Friday, October 19, 2007

Behind Reading Papers

I promised to read several papers and make comments here (and in person) for a couple people. I am waaay behind on this. Seth, David, this is a public apology. I am going to point my readers to their work, however, as I try to cram into my puny "Tween" brain the works of people that are quite bright.

Seth is a CS professor at CMU. The papers I have been reading are about the Claytronics project. I am about 50% done, but I am still haven't touched the most recent of them, so any opinions I have so far are not chronologically up to date as far as their research goes. However, one item that keeps bouncing around my brain is that the programming model that they are going to face reminds me - though it is not a directly applicable one - to what we are starting to think we are going to face in HPC.

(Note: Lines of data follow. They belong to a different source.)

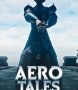 Cover of Aero Tales Online: The World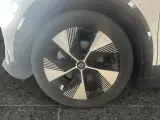 Renault Megane E-Tech 40 Equilibre - 3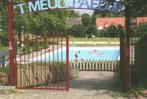 973424	Kessel	De Oda Hoeve	Zwembad t Meulepaedje	Gelopen met, Gelopen, Ophalen of Verzenden, Limburg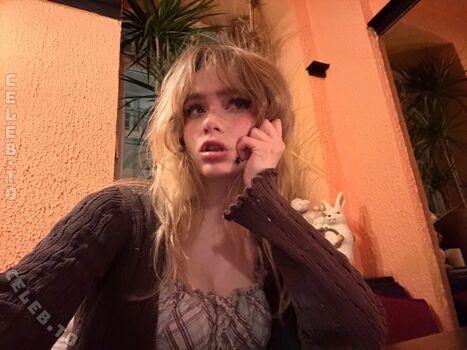 Felinenyaa leaked private photo uncensored HD quality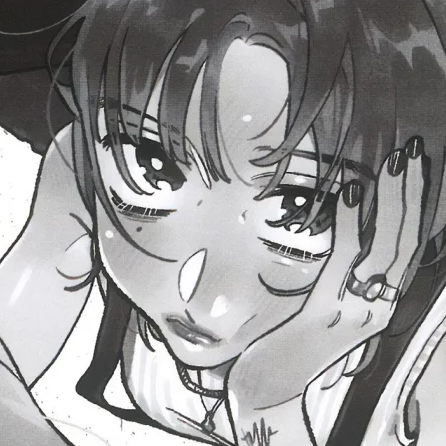 Capítulo 118.5  Especial Moon Lite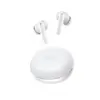 QCY T13 bfix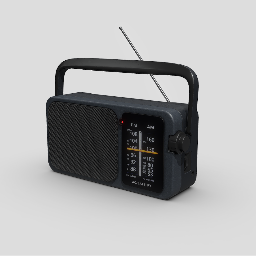 Radio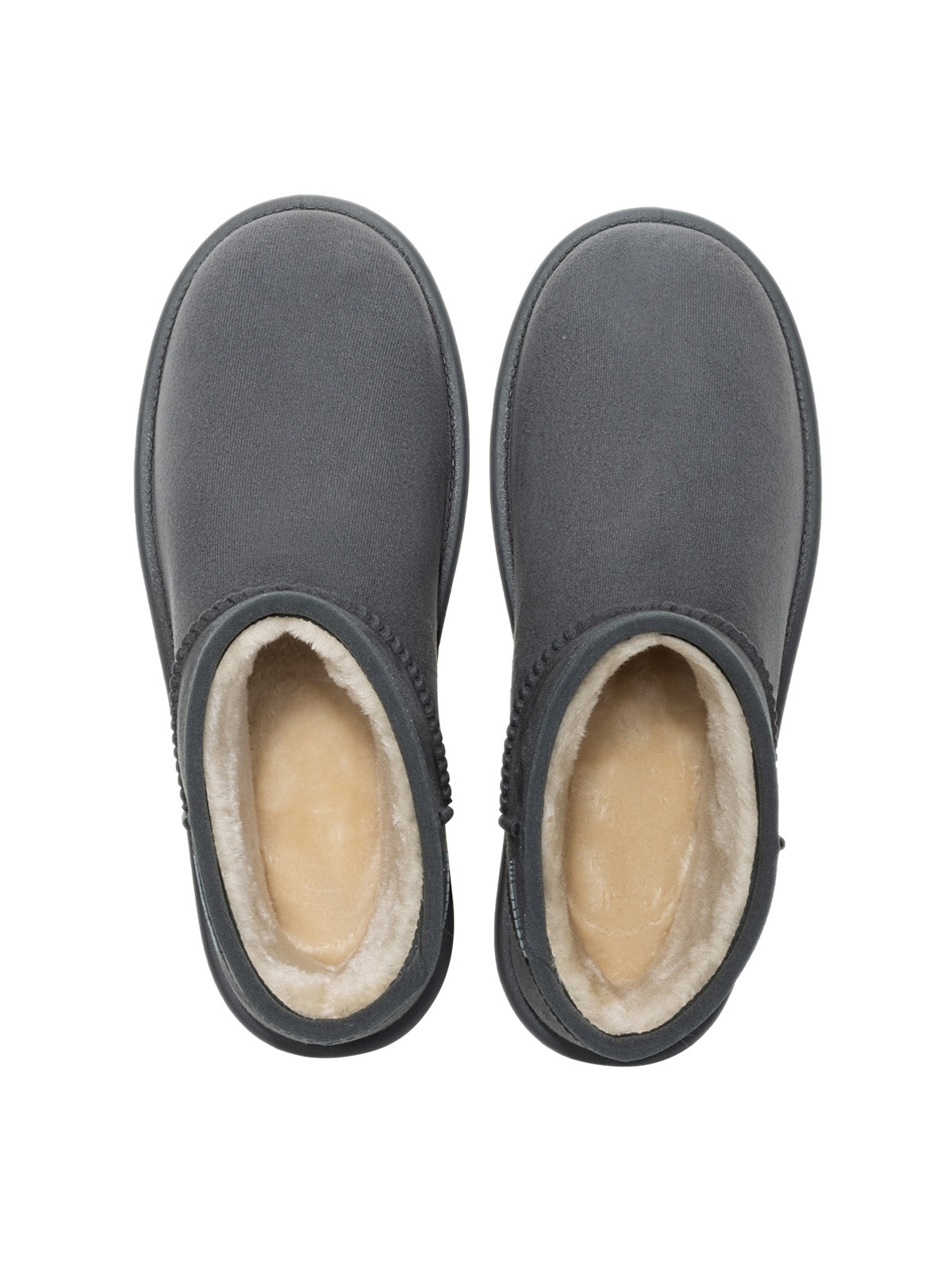 Regatta Wanderschuh »Freizeitschuhe RWF1069-8EI Regatta Risley«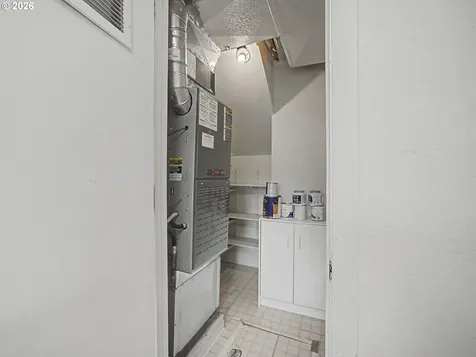 18508 NE Wasco Street Portland OR 97230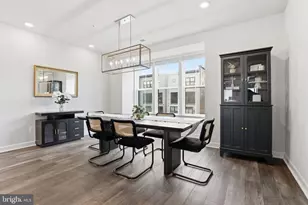 12887 Sunrise Ridge Aly, Herndon, VA 20171 - Photo 18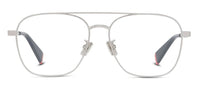 Brille Kenzo AKA KZ50204U
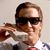 Luis Davila Garcia's profile image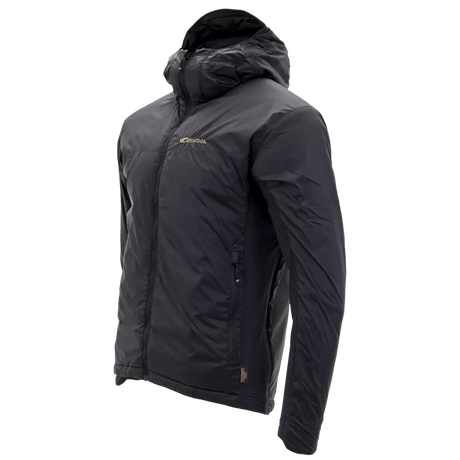 G-LOFT® TLG Jacket (Jacke) schwarz
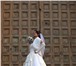 Foto в Одежда и обувь Свадебные платья Продам свадебное платье коллекции 2009. Цвет в Новокузнецке 8 000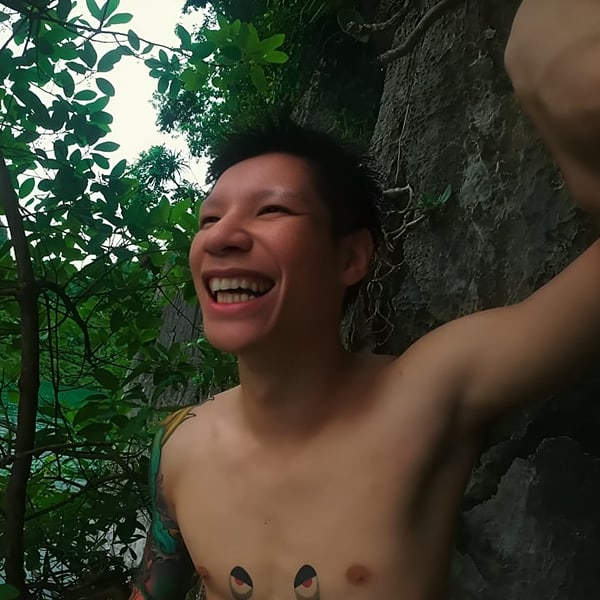 nghiem tong
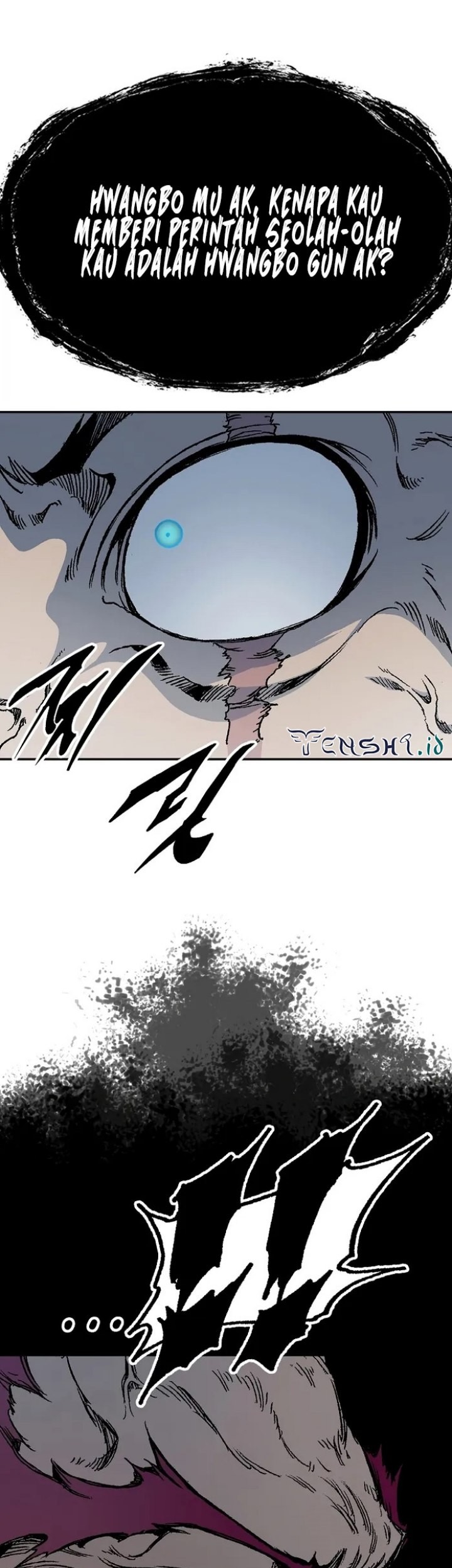 Chapter 172 - halaman 45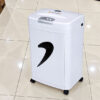 Máy huỷ tài liệu Bingo C32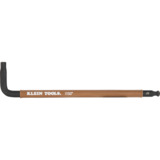 Klein Tools BLS9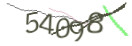 Mit Klick neuen Code generieren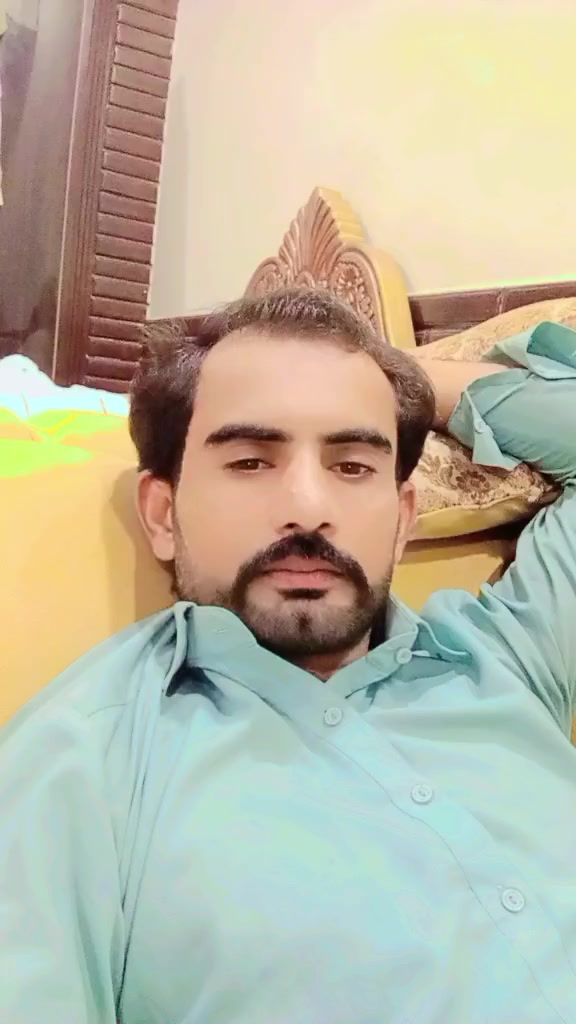 @I♥️S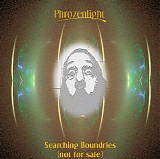 Phrozenlight - Searching Boundaries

We are starting to look at future where the chips that are being made are going to have many cores. Well, duh, many of you say, we're going multicore already. Well, yes, but how many cores do most chips have these days? 4? 8? bah. That's nada. We're discussing in our HPC discussions about something on the order of 1024 cores per chip. 1024. Perhaps as many as 16,384. They're simplified, not as extensive as far as instructions as the current chip cores. Then if you consider we're not giving up the paradigm of massive parallel CPU's either. Now consider the complexity of trying to efficiently use all those cores of a single chip and the massively parallel nature of HPC codes (some, but not many, scaling now to 8,000 CPUs or more): that would possibly be as many as 131,072,000 cores you'd have to code for.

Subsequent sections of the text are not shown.